Bond's Bats in Demand


      Barry’s at 708. 
      Baseball’s investigating, fans are booing and the Hall of Fame is begging.
     They want Barry Bonds’ home run bats, his uniforms, discarded syringes.

    Cooperstown wants history. They want the homerun 714 and 715 bats when it comes.
They want four bats from the 2001 season when Barry hit 73. They want a total of six of Barry’s bats…. So they can mount it on the wall in the shape of an asterisk.

    That takes guts, to ask for Barry’s things. More than one baseball memorabilia collector had asked Barry for one of his treasures and received instead up close and personal ‘roid rage for his trouble. It’s like trying to reason with a button-poppin’ Incredible Hulk right after Dr. David Banner was wearing Armani.
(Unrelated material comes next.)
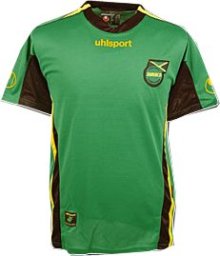 Selección de Fútbol de Jamaica - SobreFutbol.com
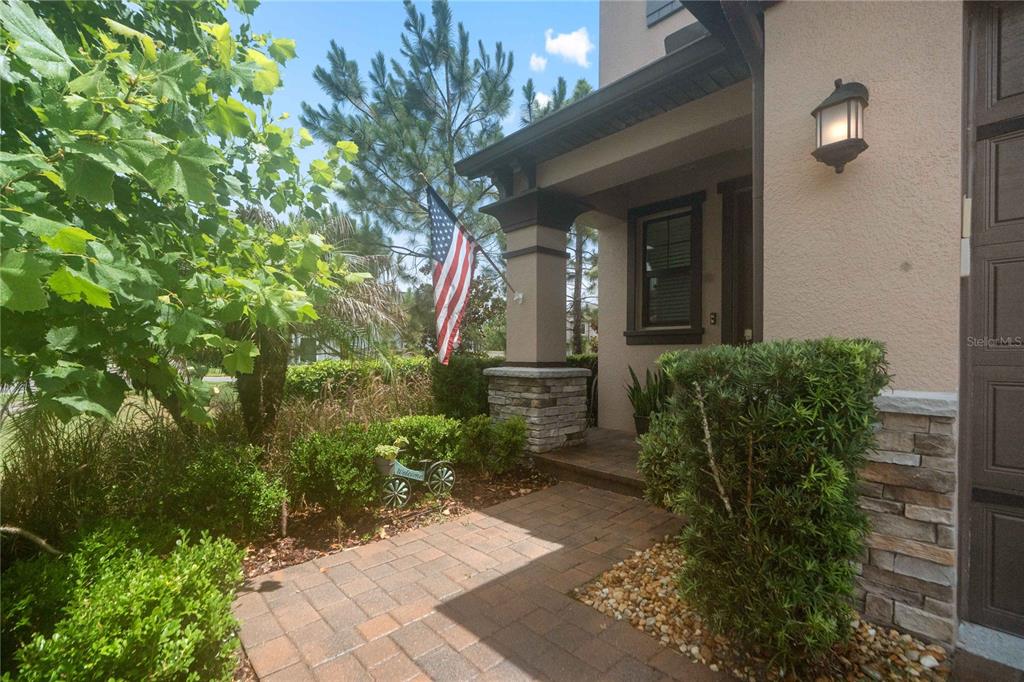 Property for sale at 4833 SAN MARTINO DRIVE, WESLEY CHAPEL, FL, 33543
    Cooperstown has the bats of Sammy Sosa and Mark McGwire from their home run race of 1998. They’re displayed prominently in the “Andro Room.” Right next to the bathroom stall depiction of the pants-down Mark with Jose Conseco injecting his buttock fill of “homer juice.”
Parents who are purists will say, when the kids ask what’s going on here, “Oh, don’t worry, they’re just gay.”

    But Cooperstown pulls no punches. Whether the records stand or not, they’re still part of baseball history. And to ask Cooperstown not to display history, good or bad, would be like asking the Hall of Presidents to only display the busts of elected presidents, thus leaving Gerald Ford and George W. Bush out in the cold. You could do that but it would be wrong.

   Dale Petroskey, Hall of Fame president, says as much “We’ve got to address steroids in the Hall.” Now we guess trips to Cooperstown in 2010 will include a juiced wing: Let’s move into the simulated Senate Hearing Room where baseball stars wear suits, swear in and can’t remember taking steroids.  You’ll have Rafael Palmeiro uttering his famous “I’ve stuck so many things up my butt who can remember steroids.” Once again, kids will be tugging on daddy’s sleeve.
Last week’s scene at San Diego’s Petco Park will be available on film at the Hall. This is the one where fans are yelling at Barry things like “Asterisk,” “Steroids,” “Big head” and one fan throws a syringe at him. Others hold up signs reading “Barroid” and “Cheaters Never Prosper.” Barry will remark “You have to have some serious talent to get 53,000 booing you.”
Bonds Bats in Demand by Stan Silliman
   Some will argue that the Hall of Fame should be less historical and more memorial. They say if you’re going to bring drugs into the equation where records could have been enhanced if you place syringes and special creams next to the players of the 90s and early 21st century, then you’ll need to add whiskey bottles next to Babe Ruth and Mickey Mantle. You’ll have areas like the “Andro Period,” the “Balco Period” and then way back the “Boiled Liver Period.”

   The Hall will pull no punches. We wonder if there’ll be a “Cheater’s Room” where the ‘roid rangers line up with the spitball throwers and the bat corkers and the ball scuffers. It may become the most popular room. They’ll be all kinds of slogans on the wall including Conseco’s: “It’s not cheating if the drugs cleared your system.” Once again purists will answer their kids questions with “Oh, don’t worry, he was just a heroin addict.”